Evolution is a politically dicey issue, a fact that many religious conservatives don’t recognize. Bluntly, any attempt to remove evolution from the curriculum or put any discussion of intelligent design in scares the living daylights out of many moderate or suburban Republicans – especially those with scientific backgrounds. Even discussing the pros and cons of evolution can cause political problems. Many Americans view it either as a government imposition of religion or political tampering with science or both.
Socially conservative members of the State Board of Education (SBOE) have made lots of progress in the last few years. They recently removed a fuzzy math book from the approved textbook list. Their ideas to make the English curriculum more grade-level-specific, measurable, and based on phonics in the early grades are gaining traction. They now have a working majority on the board on many issues.
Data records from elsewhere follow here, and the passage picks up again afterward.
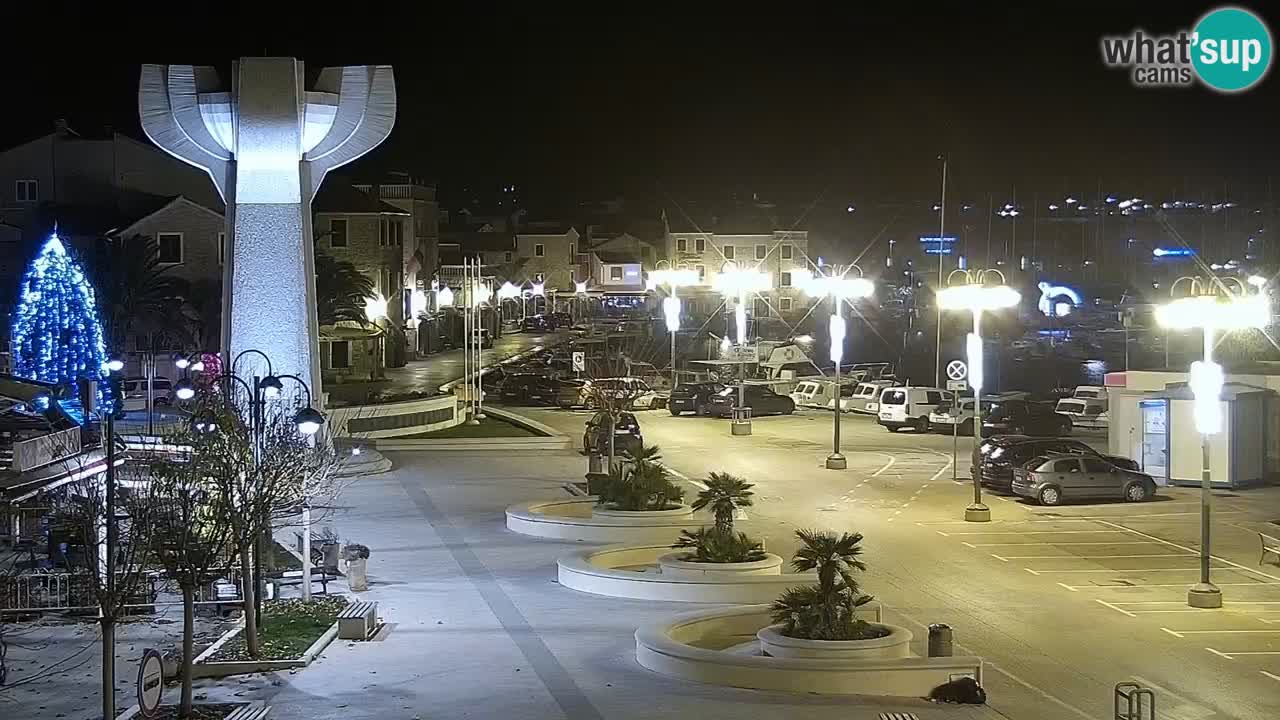 Vodice Live webcam – marina and  seafront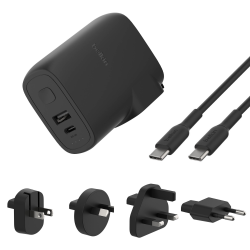 Belkin Ładowarka sieciowa 25 W 2w1, powerbank 5000 mAh, USB-A, USB-C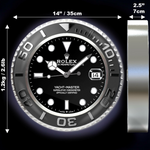 Rolex Yatch Master Black Edition wall clock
But an evolution controversy places all that at risk. In Kansas, board control has alternated between conservatives and self-styled moderates. Evolution sometimes gets board members beat in Republican primaries.
In Plano, an evolution controversy in the mid-1990s caused
conservative local school board members to get beat. The current
school board is still supporting fuzzy math in Plano schools and
raising taxes.
During the debate over the TEKS in 1995, SBOE conservatives were accused of trying to force religion into the classroom -- even though their objections to the TEKS had nothing to do with religion -- precisely because their opponents knew how politically potent a card this is.
The real question is not what the state board members do, it’s how they do it. Concern about evolution and how it is taught is a deeply and sincerely held view by many board members and their constituents.
But -- if they want to avoid serious political repercussions -- they have to think about how to present this issue. In particular, they have to address concerns about forcing religious views on students or political tampering with science.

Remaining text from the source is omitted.